US4633762A

US4633762A - Speed limiting device designed to equip the slide valve of a hydraulic system

Info

Publication number: US4633762A
Application number: US06/623,825
Authority: US
Inventors: Maurice Tardy
Original assignee: Bennes Marrel SA
Current assignee: Bennes Marrel SA
Priority date: 1983-05-26
Filing date: 1984-06-22
Publication date: 1987-01-06
Anticipated expiration: 2004-06-22
Also published as: IT8421136A1; FR2546576A1; FR2546576B1; IT1174560B; IT8421136A0; DK262484D0; DE3419711A1; DK262484A

Abstract

A speed limiting hydraulic slide valve. The slide valve is provided with control pressure chambers at each end thereof. The slide is provided with a longitudinal passage at each end and this passage opens into the adjacent control pressure chamber.
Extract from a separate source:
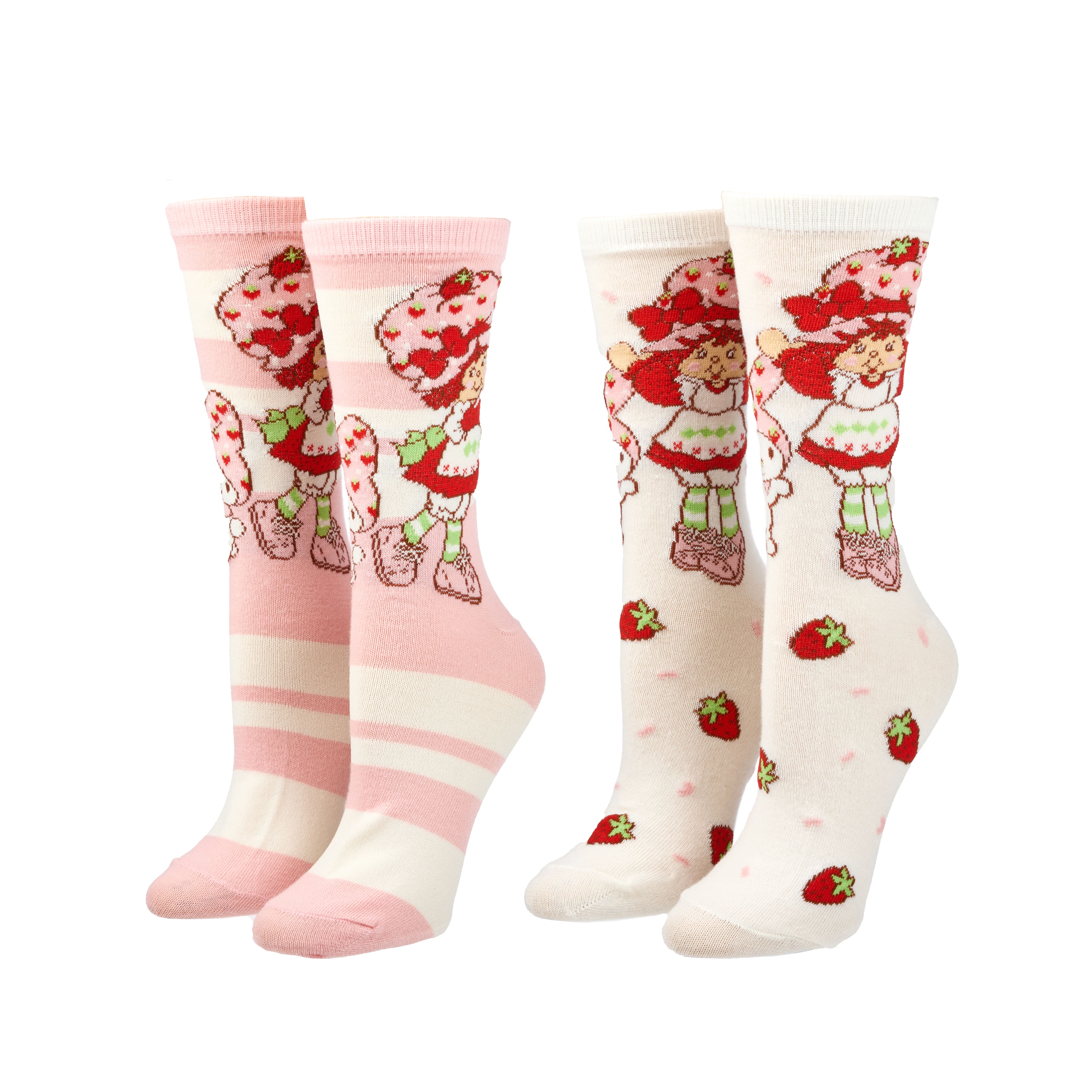 Sanrio&#xAE; My Melody&#x2122; &#x26; Strawberry Shortcake&#x2122; 2 Pair Adult Crew Sock Set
Each passage is normally closed by a check valve. Each longitudinal passage communicates with a peripheral passage on the valve of the slide by means of a radial passage. If the hydraulic actuator, such as a cylinder, begins to move too rapidly, the pressure in the radial passage will drop, and the pressure in the appropriate control pressure chamber will thereupon overcome the check valve in the passage which opens into such chamber, and this will cause the valve slide to move in a direction which will decelerate the action of the cylinder.

Description

BACKGROUND OF THE INVENTION

1. Field of the Invention

This invention relates to a slide valve for controlling the operation of a hydraulic actuator, such as a cylinder. More particularly, this invention relates to a slide valve with a speed limiting device for controlling the operation and the speed of operation of a hydraulic actuator such as a cylinder.

2. Description of the Prior Art

It is known to control the operation of a hydraulic actuator such as a cylinder by means of a slide valve which slides between two extreme positions as a result of a control pressure applied to one or another of its ends.
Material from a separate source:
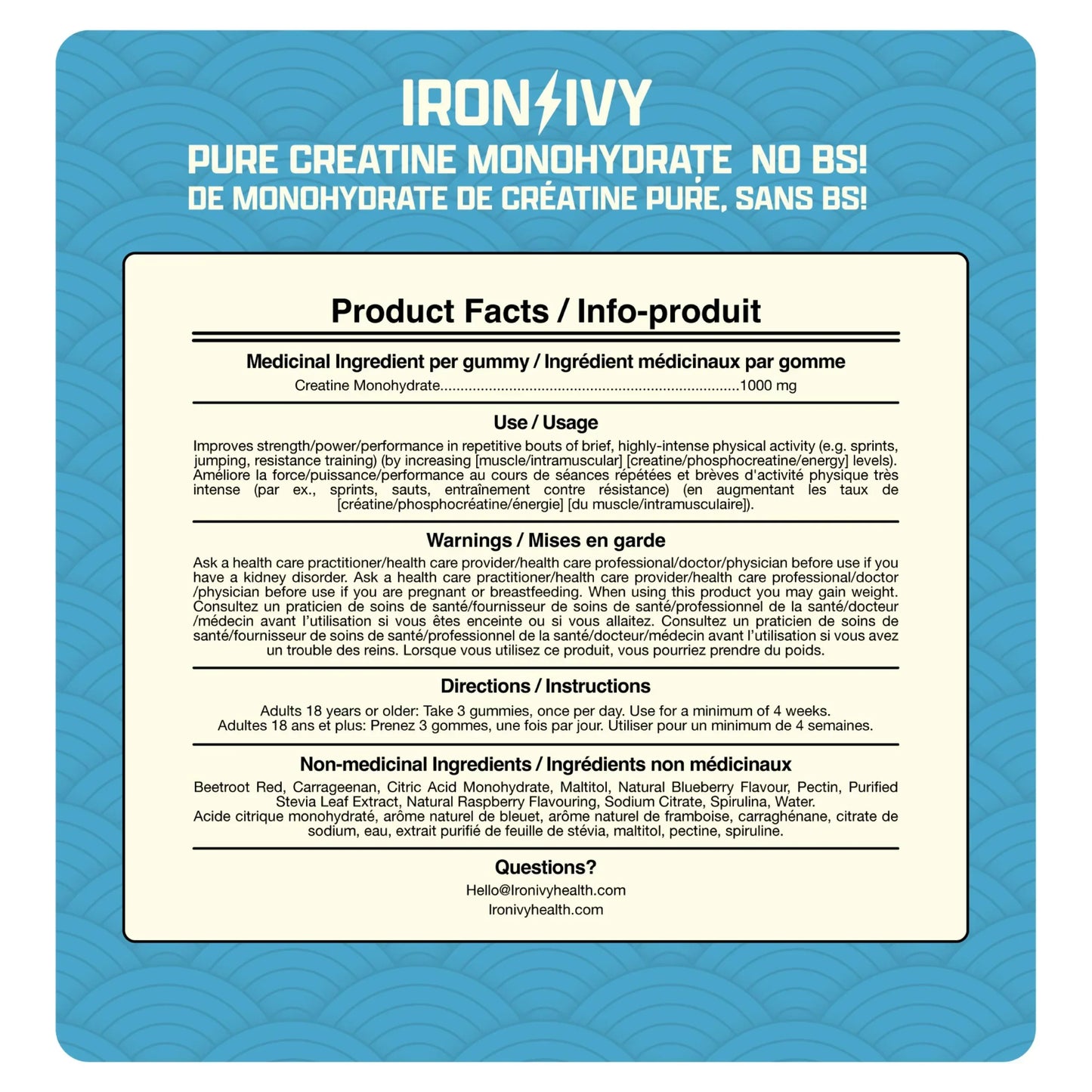 IRON & IVY Creatine Monohydrate Gummies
A slide valve as described may be used, for example, to apply an inlet pressure in one chamber of a cylinder whose other chamber is interconnected with the return tank. A hydraulic system using such a slide valve performs satisfactorily as long as the displacement of the piston of the cylinder occurs against a counter pressure. However, whenever the piston of the cylinder is not subjected to such a counter pressure, it is likely to operate faster than the speed set by the inflow, and this may cause a pressure drop upstream from the cylinder, due to the acceleration of the displacement of its piston.

SUMMARY OF THE INVENTION

The present invention is designed to eliminate these disadvantages by offering a hydraulic slide valve with speed limiting characteristics to maintain constant operating speed of the cylinder piston during extension and retraction.

A speed limiting slide valve according to the present invention includes a control pressure intake chamber at each end of the slide valve.

The outside surface of the slide of the slide valve includes several grooves whose axial length is determined by the arrangement of the grooves which are provided in the housing of the slide valve. The groove in the slide valve housing which is used to feed the cylinder has a radial bore which opens into a longitudinal conduit provided inside the slide valve. The internal conduit extends to one end of the slide valve where it communicates with the respective control chamber. A movable ball plug is provided inside the conduit, which has a fixed seat for the ball plug, to close off flow through the conduit when the pressure difference to which it is subjected causes it to close. Thanks to this arrangement, it becomes clear that when the cylinder piston accelerates in its displacement, the pressure will drop inside the the internal conduit, and this will cause the ball plug to unseat which will permit flow through the internal conduit toward the inside of the slide valve, causing the slide valve to return against that control pressure to limit the rate of displacement of the cylinder piston.

According to another feature of the invention, the slide valve housing includes a central inlet groove which is located between the two grooves provided to direct the pressure upstream or downstream of the cylinder. Each of the pressure directing grooves is connected, by means of a radial bore, with a single longitudinal conduit located inside the slide valve. In other words, two conduits are provided inside the slide valve, each one extending for approximately one half of the length of that slide valve, with each of them having the ball plug in such conduit near an end of the slide valve.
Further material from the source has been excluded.